Return all the data verbatim but without images.

══ DATA ══

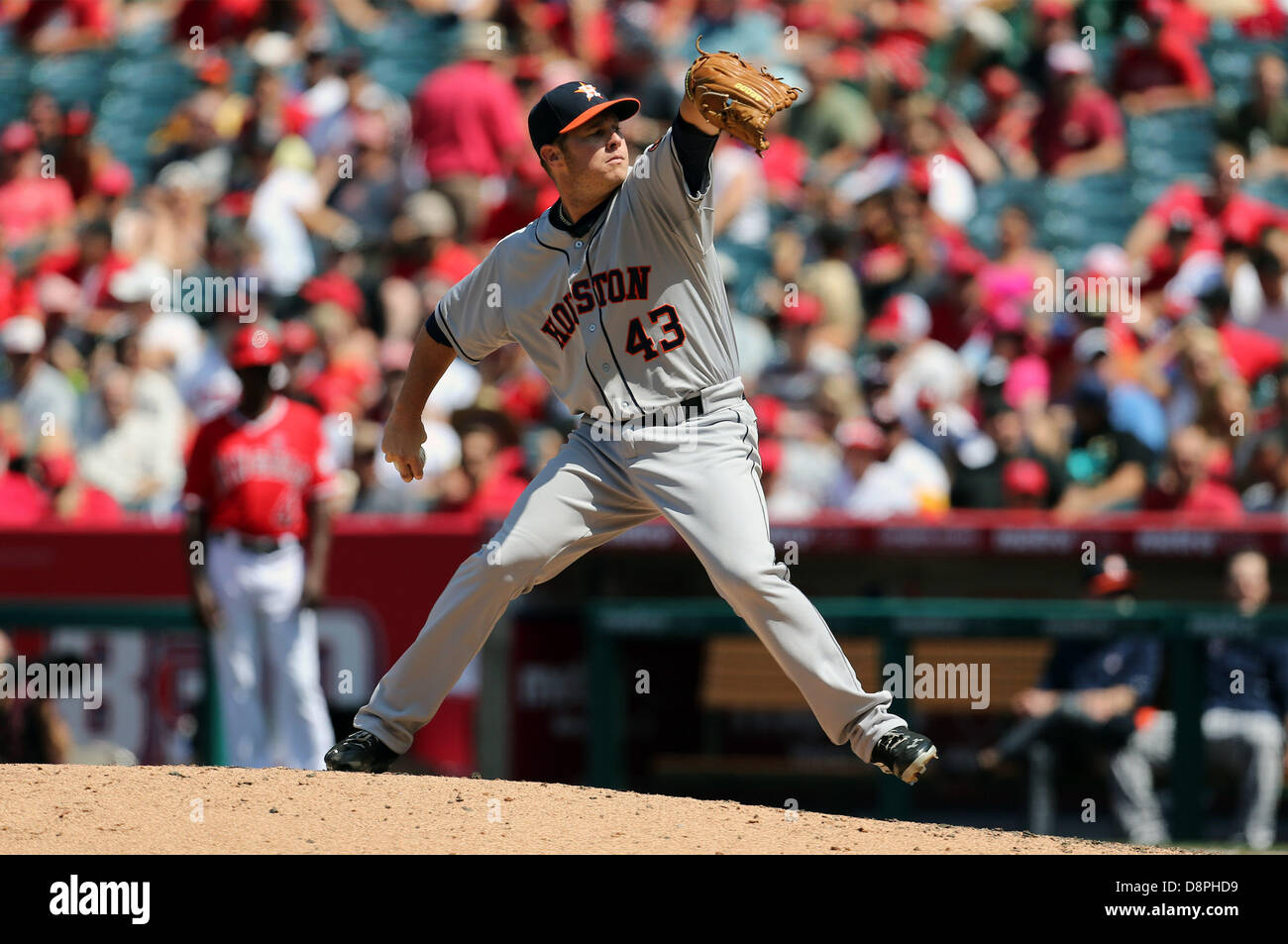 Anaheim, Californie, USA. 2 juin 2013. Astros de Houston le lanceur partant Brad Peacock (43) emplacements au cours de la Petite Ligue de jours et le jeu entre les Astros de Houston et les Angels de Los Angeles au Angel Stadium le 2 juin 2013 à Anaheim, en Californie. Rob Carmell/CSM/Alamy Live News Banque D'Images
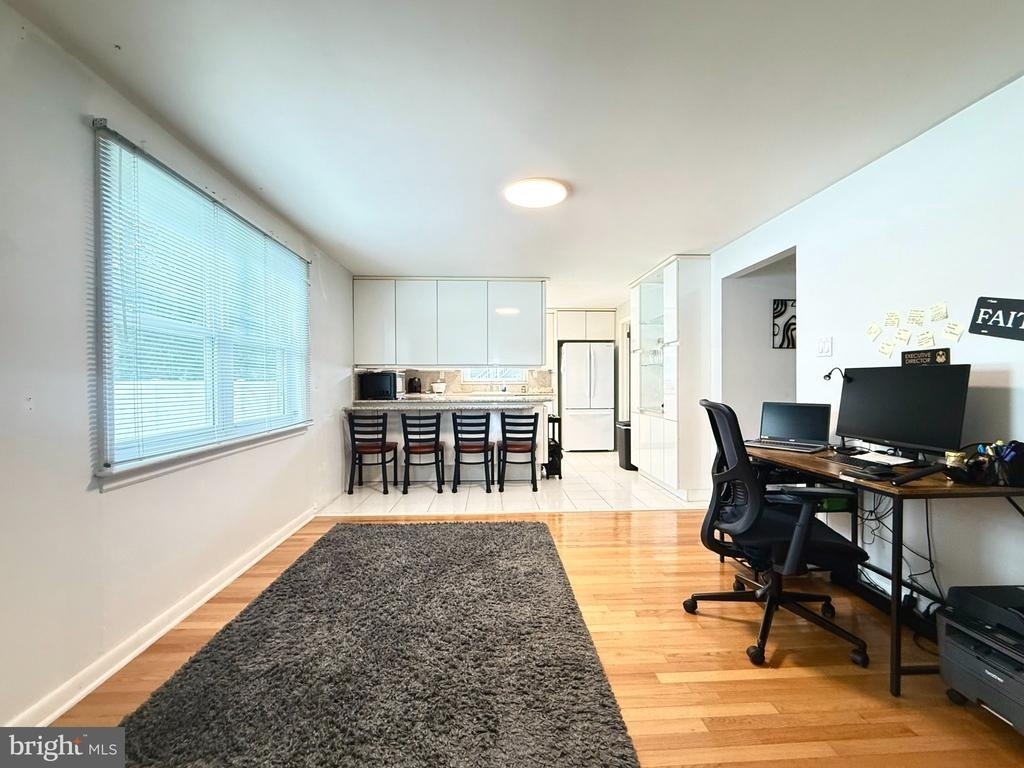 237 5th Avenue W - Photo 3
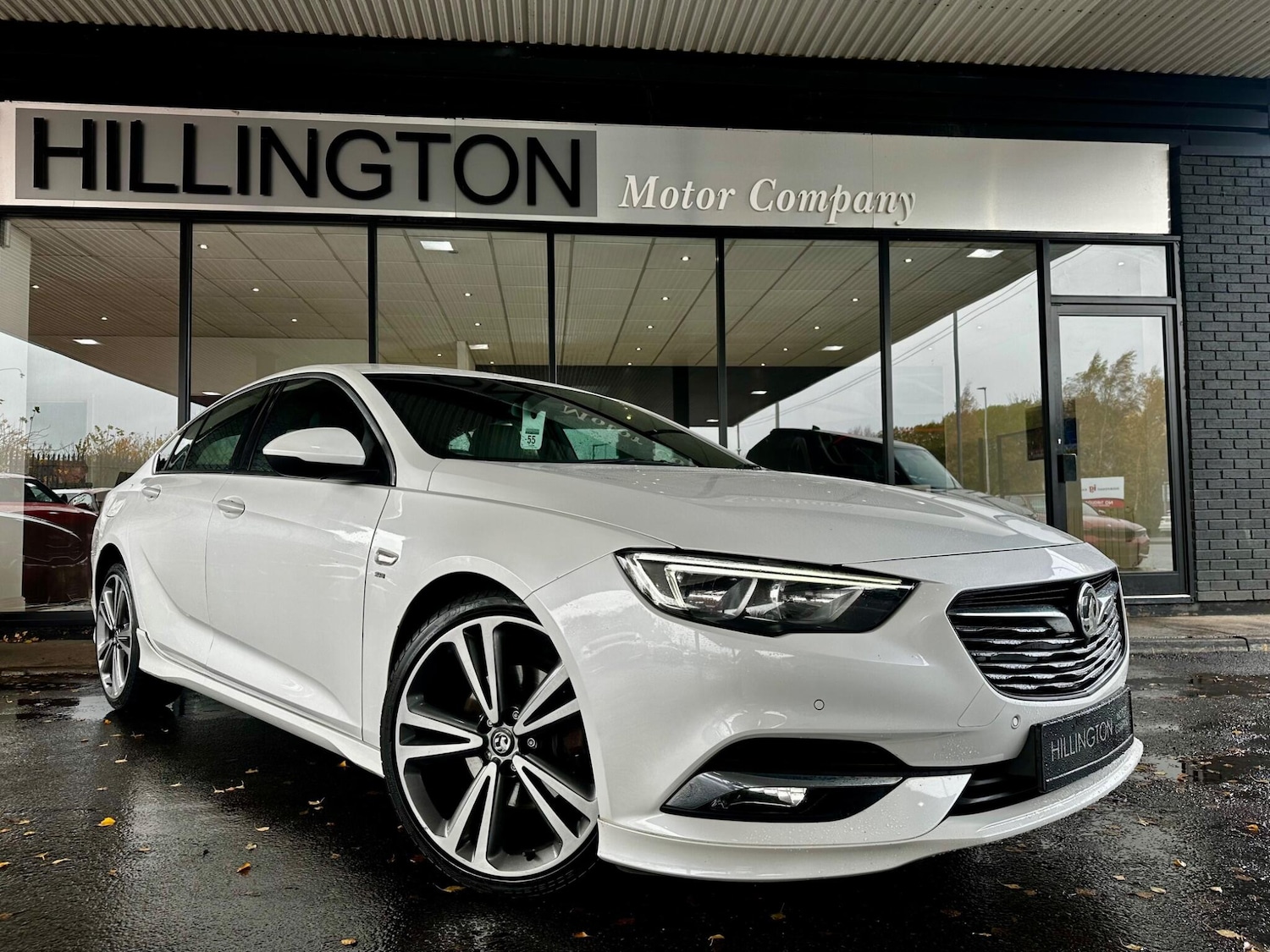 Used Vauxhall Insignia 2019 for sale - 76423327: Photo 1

═══

• _SOLUTION FOR THIS PROBLEM_:
 Anaheim, Californie, USA. 2 juin 2013. Astros de Houston le lanceur partant Brad Peacock (43) emplacements au cours de la Petite Ligue de jours et le jeu entre les Astros de Houston et les Angels de Los Angeles au Angel Stadium le 2 juin 2013 à Anaheim, en Californie. Rob Carmell/CSM/Alamy Live News Banque D'Images
 237 5th Avenue W - Photo 3
 Used Vauxhall Insignia 2019 for sale - 76423327: Photo 1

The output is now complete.